Additionally, greater ownership in private business can motivate employees to perform at a higher level, with 60 percent of the Kelly survey respondents saying profit-sharing would be a big incentive. Kelly surveyed approximately 134,000 people in 29 countries across North America, Europe and the Asia-Pacific region.

 

The idea of giving employees a “slice of the pie” is gaining in appeal. Almost 40 percent of respondents say that some of their compensation is tied to individual, group or company performance targets. Of those who do not have such an arrangement, more than a third would like to see this practice adopted by their employers.
  
Geographically, 65 percent of those in the Asia-Pacific region say that profit sharing would motivate them to “perform more productively” — that’s higher than in North America and Europe. Aside from salary, the benefit that rates as most important to Asian employees is training, followed by flexible hours, health benefits, time off and retirement benefits.

 

In Europe, 78 percent say employers should take some responsibility for employee health and well-being, compared to 82 percent in Asia-Pacific.

 

  • At the high end of the market, hiring seems to be picking up slightly. Another recent survey, conducted by the Association of Executive Search Consultants (AESC) shows that executive-level recruitment this year is rising more than it has in the past 15 months. North America seems to be emerging from the recession “first and strongest,” according to the report, followed by Asia-Pacific and other emerging markets. Europe is lagging, with flat results from quarter one to quarter two this year.

 

  • Yet when viewed through another lens, the global labor market is worsening. In describing its newest report, the United Nation’s International Labour Organization (ILO), says that the world economic crisis has spurred a record increase in youth unemployment.

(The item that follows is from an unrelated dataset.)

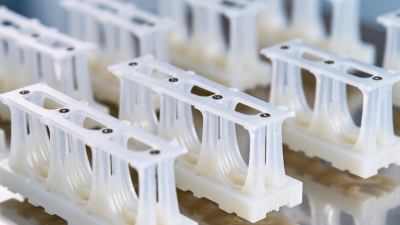 2026 Best Anterior Cervical Cage PEEK Suppliers?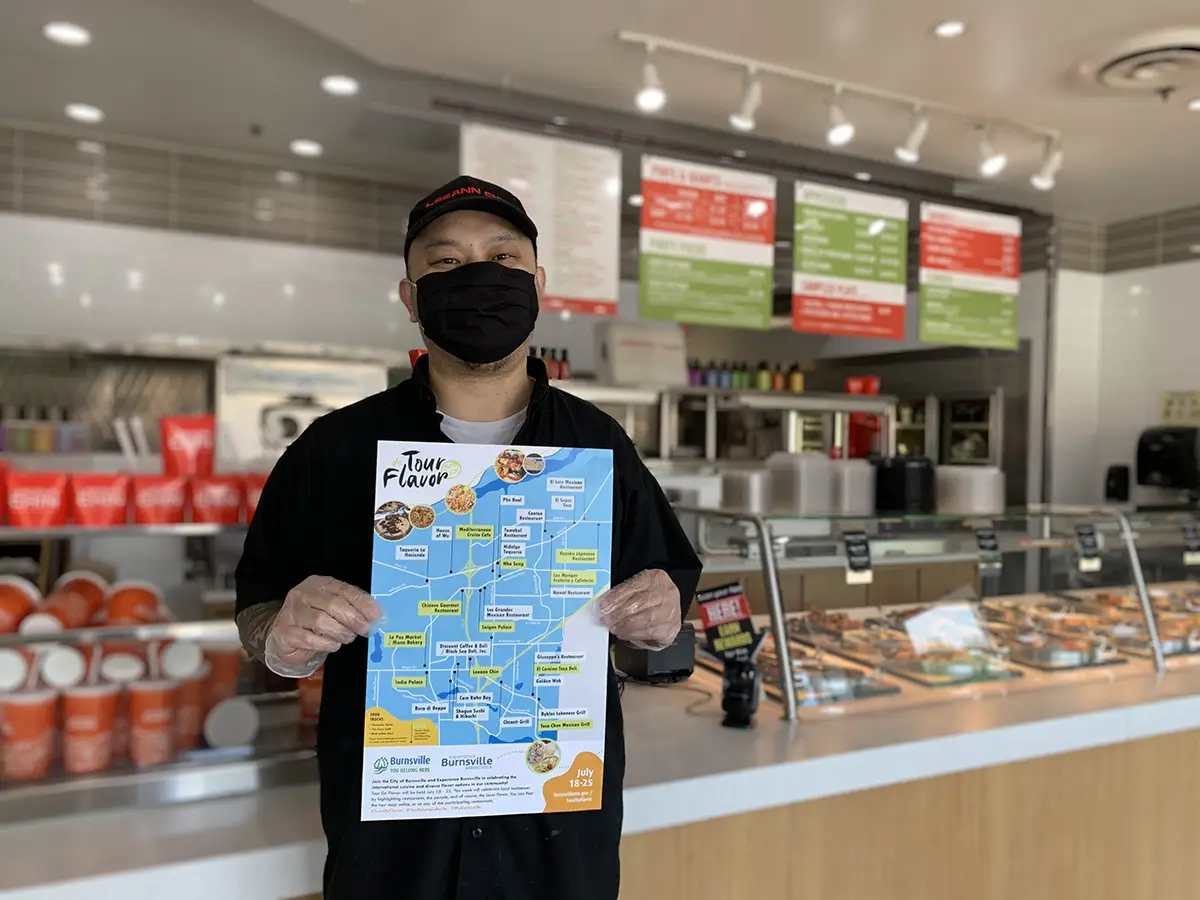 BV_tour_holding_menu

    “Global youth unemployment has reached its highest level on record, and is expected to increase through 2010,” the ILO said in the report, ILO Global Employment Trends for Youth 2010. The study was issued to coincide with the launch of the U.N. International Youth Year August 12.

    ILO says that “of some 620 million economically active youth aged 15 to 24 years, 81 million were unemployed at the end of 2009 — the highest number ever. This is 7.8 million more than the global number in 2007. The youth unemployment rate increased from 11.9 percent in 2007 to 13.0 percent in 2009.”

 

In most regions, young women continued to be the hardest hit by unemployment. Only in what the ILO calls “developed economies” and the European Union were young males harder hit. In particular, unemployed youths in the U.K. and Spain seem to be giving up their employment search in the greatest numbers.